Piotr Nowojski <pi...@ververica.com> 于2019年8月23日周五 下午4:57写道:

> Hi Yun and Zhu Zhu,
>
> Thanks for the more detailed example Zhu Zhu.
>
> As far as I understand for the iterations example we do not need
> multicasting. Regarding the Join example, I don’t fully understand it. The
> example that Zhu Zhu presented has a drawback of sending both tables to
> multiple nodes. What’s the benefit of using broadcast join over a hash join
> in such case? As far as I know, the biggest benefit of using broadcast join
> instead of hash join is that we can avoid sending the larger table over the
> network, because we can perform the join locally. In this example we are
> sending both of the tables to multiple nodes, which should defeat the
> purpose.
>
> Is it about implementing cross join or near cross joins in a distributed
> fashion?
>
> > if we introduce a new MulticastRecordWriter
>
> That’s one of the solutions. It might have a drawback of 3 class
> virtualisation problem (We have RecordWriter and BroadcastRecordWriter
> already). With up to two implementations, JVM is able to devirtualise the
> calls.
>
> Previously I was also thinking about just providing two different
> ChannelSelector interfaces. One with `int[]` and `SingleChannelSelector`
> with plain `int` and based on that, RecordWriter could perform some magic
> (worst case scenario `instaceof` checks).
>
> Another solution might be to change `ChannelSelector` interface into an
> iterator.
>
> But let's discuss the details after we agree on implementing this.
>
> Piotrek
>
> > On 23 Aug 2019, at 10:20, Yun Gao <yungao...@aliyun.com> wrote:
> >
> >    Hi Piotr,
> >
> >         Thanks a lot for the suggestions!
> >
> >         The core motivation of this discussion is to implement a new
> iteration library on the DataStream, and it requires to insert special
> records in the stream to notify the progress of the iteration.
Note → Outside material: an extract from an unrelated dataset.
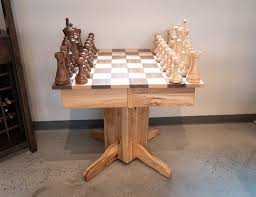 Handcrafted Large Chess Pieces From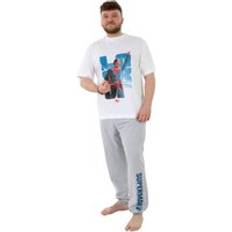 Men - Multicoloured Sleepwear DC Comics Multi Pyjama Set - NEW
The
> mechanism of such records is very similar to the current Watermark, and we
> meet the problem of sending normal records according to the partition
> (Rebalance, etc..) and also be able to broadcast the inserted progress
> records to all the connected records. I have read the notes in the google
> doc and I totally agree with that exploring the broadcast interface in
> RecordWriter in some way is able to solve this issue.
> >
> >        Regarding to `int[] ChannelSelector#selectChannels()`, I'm
> wondering if we introduce a new MulticastRecordWriter and left the current
> RecordWriter untouched, could we avoid the performance degradation ? Since
> with such a modification the normal RecordWriter does not need to iterate
> the return array by ChannelSelector, and the only difference will be
> returning an array instead of an integer, and accessing the first element
> of the returned array instead of reading the integer directly.
> >
> > Best,
> > Yun
> >
> > ------------------------------------------------------------------
> > From:Piotr Nowojski <pi...@ververica.com>
> > Send Time:2019 Aug. 23 (Fri.) 15:20
> > To:dev <dev@flink.apache.org>
> > Cc:Yun Gao <yungao...@aliyun.com>
> > Subject:Re: [DISCUSS] Enhance Support for Multicast Communication Pattern
> >
> > Hi,
> >
> > Yun:
> >
> > Thanks for proposing the idea. I have checked the document and left
> couple of questions there, but it might be better to answer them here.
> >
> > What is the exact motivation and what problems do you want to solve? We
> have dropped multicast support from the network stack [1] for two reasons:
> > 1. Performance
> > 2. Code simplicity
> >
> > The proposal to re introduce `int[] ChannelSelector#selectChannels()`
> would revert those changes. At that time we were thinking about a way how
> to keep the multicast support on the network level, while keeping the
> performance and simplicity for non multicast cases and there are ways to
> achieve that. However they would add extra complexity to Flink, which it
> would be better to avoid.
> >
> > On the other hand, supporting dual pattern: standard partitioning or
> broadcasting is easy to do, as LatencyMarkers are doing exactly that. It
> would be just a matter of exposing this to the user in some way. So before
> we go any further, can you describe your use cases/motivation? Isn’t mix of
> standard partitioning and broadcasting enough? Do we need multicasting?
> >
> > Zhu:
> >
> > Could you rephrase your example? I didn’t quite understand it.
> >
> > Piotrek
> >
> > [1] https://issues.apache.org/jira/browse/FLINK-10662 <
> https://issues.apache.org/jira/browse/FLINK-10662>
> >
> > On 23 Aug 2019, at 09:17, Zhu Zhu <reed...@gmail.com <mailto:
> reed...@gmail.com>> wrote:
> >
> > Thanks Yun for starting this discussion.
> > I think the multicasting can be very helpful in certain cases.
> >
> > I have received requirements from users that they want to do broadcast
> > join, while the data set to broadcast is too large to fit in one task.
> > Thus the requirement turned out to be to support cartesian product of 2
> > data set(one of which can be infinite stream).
> > For example, A(parallelism=2) broadcast join B(parallelism=2) in
> JobVertex
> > C.
> > The idea to is have 4 C subtasks to deal with different combinations of
> A/B
> > partitions, like C1(A1,B1), C2(A1,B2), C3(A2,B1), C4(A2,B2).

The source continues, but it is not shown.